The problem with this is that there are a whole lot of loopholes. And no infrastructure set up to deal with these loopholes.
This is where I enter the picture. My case was this: the clients booked a cruise starting in Dubai, leaving the UAE and stopping in Oman, then returning to Dubai and spending an additional week there before flying on. Knowing we would have to arrange the visa with the hotel we pre-booked and paid in full for our post-cruise accommodations and then began the lengthy “email the hotel in Dubai” process.
Now let me just say as agents we don’t normally deal with visas. We normally just hand you the number of the consulate or a visa service and wipe our hands of it (with a smile, of course), but in this case, since we had to get in touch with the hotel directly, I wanted to help my clients out and emailed them myself. I’m an idiot.
It only took about a week of emails – since Dubai is 12 hours ahead of us and nobody works on Fridays and Saturdays, everything takes a long time – to learn that my passengers would need two visas, one for their original entry and one for their return after Oman. Obtaining one visa is a pretty simple process, you just fill out a form, send copies of your passport, credit card, photos, your first born, etc. and they email you back a visa. Simple. This I could have done immediately without problem. The BIG GIANT CATCH that cost me sleep, some of my natural hair colour and a layer of nail polish from all the frantic emails I typed is that you can only get the second visa after showing the exit stamp from the first one. You cannot hold two active UAE visas at the same time. This meant my clients would need to somehow send their cancelled visa to the hotel (from the ship?) and get the second one in 5-7 business days, which they didn’t have, since they were only leaving the UAE for 3 days. Was this even possible?

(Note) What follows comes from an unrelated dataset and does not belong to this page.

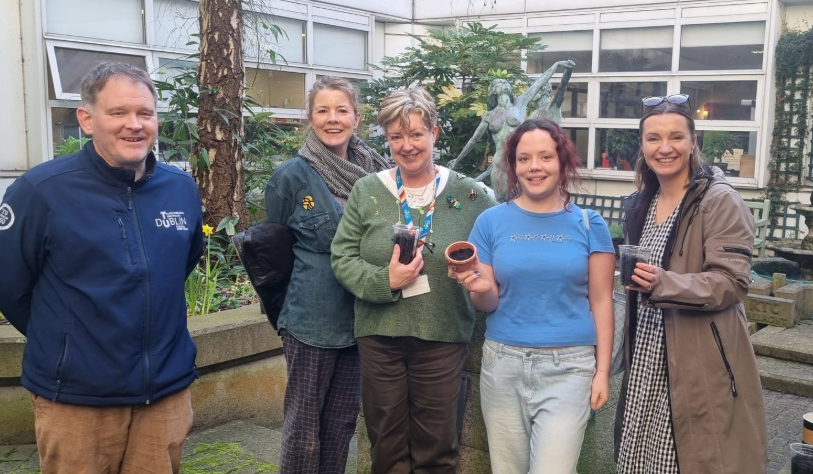 Project collaborators at Tallaght garden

The UAE consulate never responded to any of my 47 emails, an equal number of voicemails, and the two times I did manage to get a person they hung up on me. I’m still waiting to hear back. The cruise line just gives you a random email and tells you they won’t help you. Over the next two months I emailed countless companies and sent so many messages to the hotel in Dubai they finally got fed up and stopped returning my emails. I found two companies that could issue the two visas, but only if you booked all your hotels and transfers with them, which would cost my clients a fortune, as they’d already paid for all that. Every time I got any sort of answer, the next message/call would disprove it. There was no consistancy, and the visa info on the internet (yes, I resulted in Googling) actually warns you that the visa information provided even by reputable companies is notoriously unreliable. Fan-frealing-tastic.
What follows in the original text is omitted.